This November 20, 2013 marks the date of the 12e World Chronic Obstructive Pulmonary Disease (or COPD) Day. For the twelfth year in a row, French pulmonologists will take advantage of this “breath day” to alert smokers (because they are the ones who are mainly affected by chronic bronchitis) on the risks involved and on the signs that should alert them about the disease.
If most smokers are not afraid of COPD, it is because they often imagine that the disease, which was once called emphysema, mainly affects the elderly. However, COPD affects people from their forties and affects more than 3.5 million French people. “In developed countries, like ours, women are now as affected as men” underline Inserm researchers who point out that COPD is today the 3e cause of death in Europe. According to WHO projections, the total number of COPD deaths is expected to increase by more than 30% over the next ten years.

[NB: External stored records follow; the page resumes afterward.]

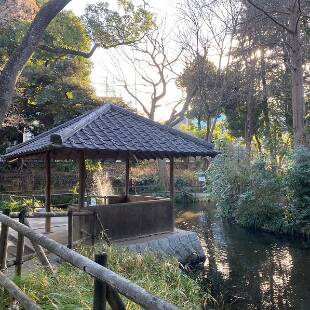 Shibuya Gaigo Gakuin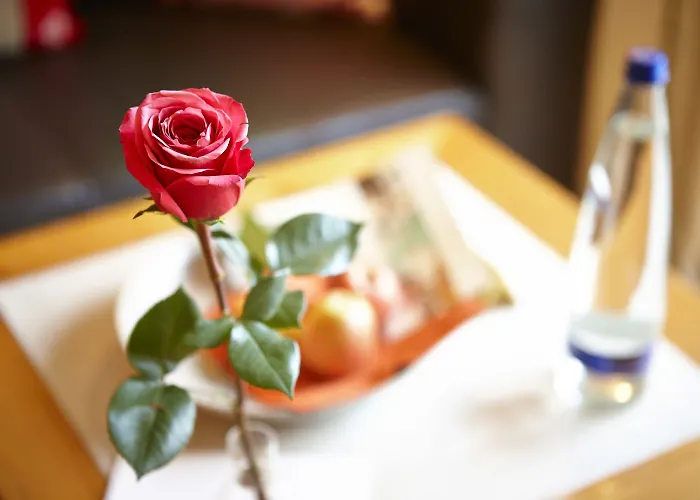 酒店 楚格峰酒店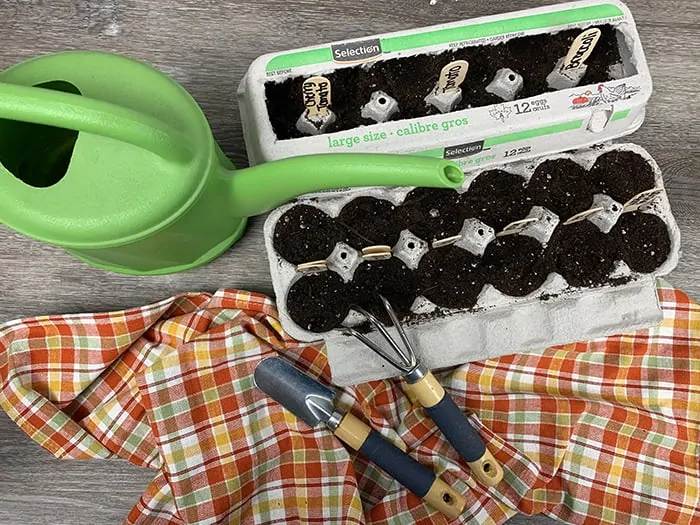Upcycled Egg Carton Seed Starters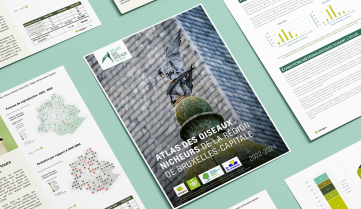 Couverture de l'Atlas des oiseaux nicheurs de Bruxelles-Capitale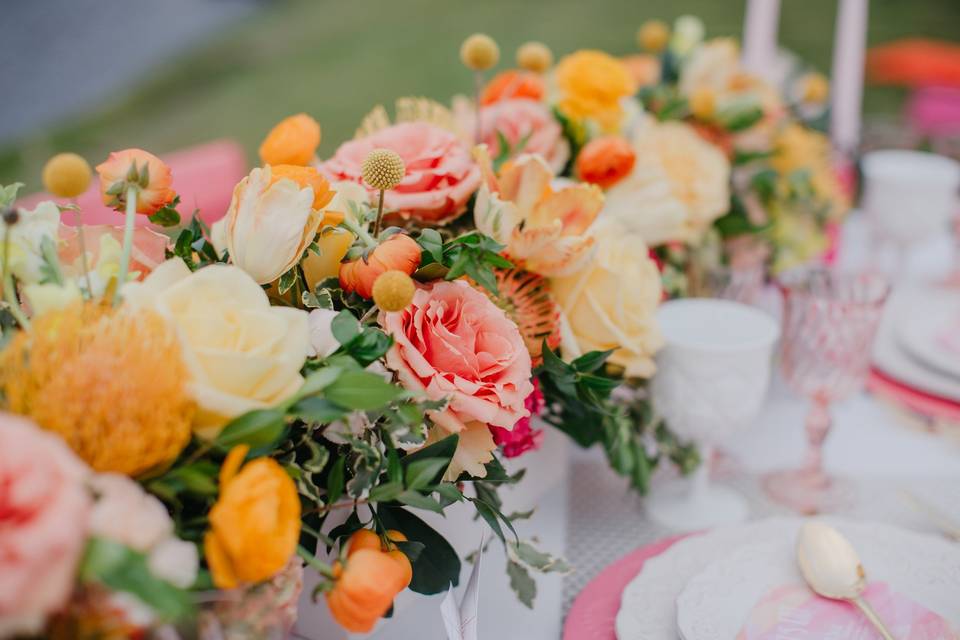 Colorful flowers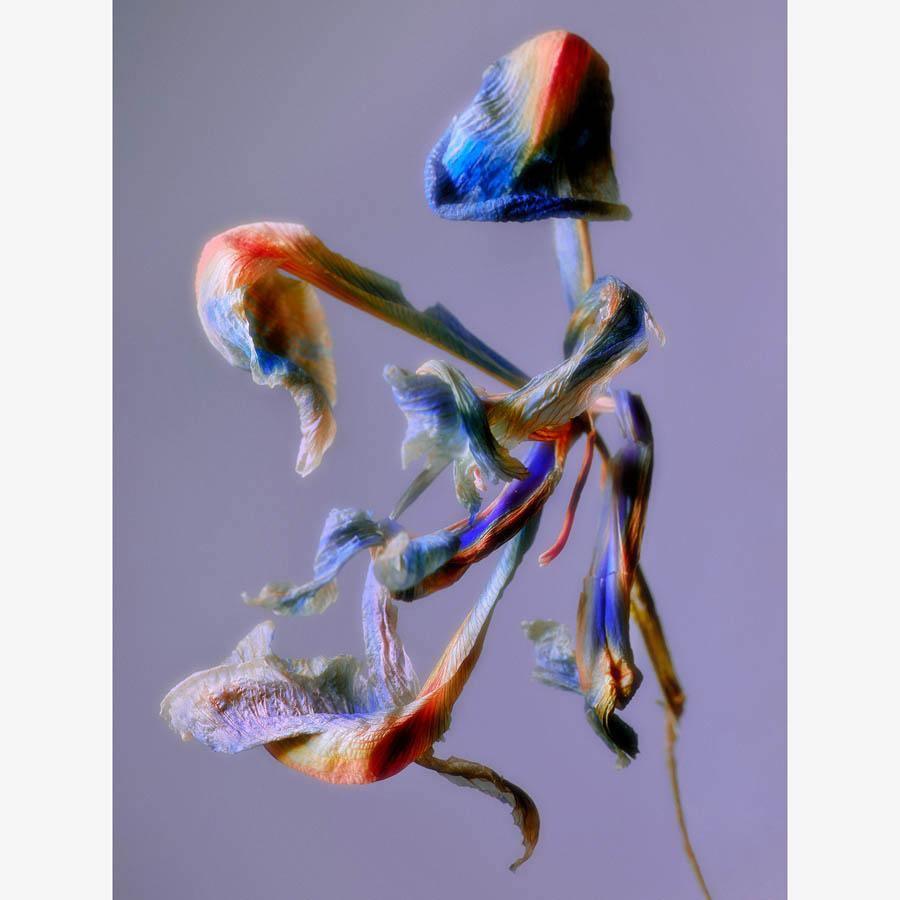 Photography by Jacques Brun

An Opinion Way survey commissioned by the Breath Foundation as part of World COPD Day shows that despite information campaigns organized for 12 years around World Day, COPD and its causes are still unknown to the general public. Only one in 10 people know the disease and among those who do, only one in three cites tobacco as the main risk factor, pollution being the most often cited factor. “This is why our 2013 information campaign called” Respiratory disease that kills slowly “in a deliberately provocative tone to emphasize the root cause of the disease: tobacco smoke” explains Professor Bruno Housset, Vice- President of the Fondation du Souffle and head of the pneumology department at the Créteil hospital center.
COPD is the second respiratory disease (after asthma) in France: one in 20 adults suffers from it without necessarily being diagnosed. It manifests as a slow and progressive obstruction of the airways and lungs, with a decrease in expiratory flows. Currently, it cannot be cured, but early treatment can slow the progression of the disease.
One of the striking results of the survey presented on the occasion of this day is that young people aged 15-25 have virtually no idea about the disease. However, it is at this age that we start to smoke. “We must explain to them that at a not so distant date, in their forties, their respiratory capacities will already be greatly reduced. And to the elderly, it should be remembered that stopping smoking is always beneficial: let’s avoid wasting what it is. we still have to live! ” concludes Dr Bertarnd Herer, head of the pneumology division of the Bligny hospital center (91)
Discover, on the site of the foundation of the breath, the different information campaigns on COPD carried out today in the French departments.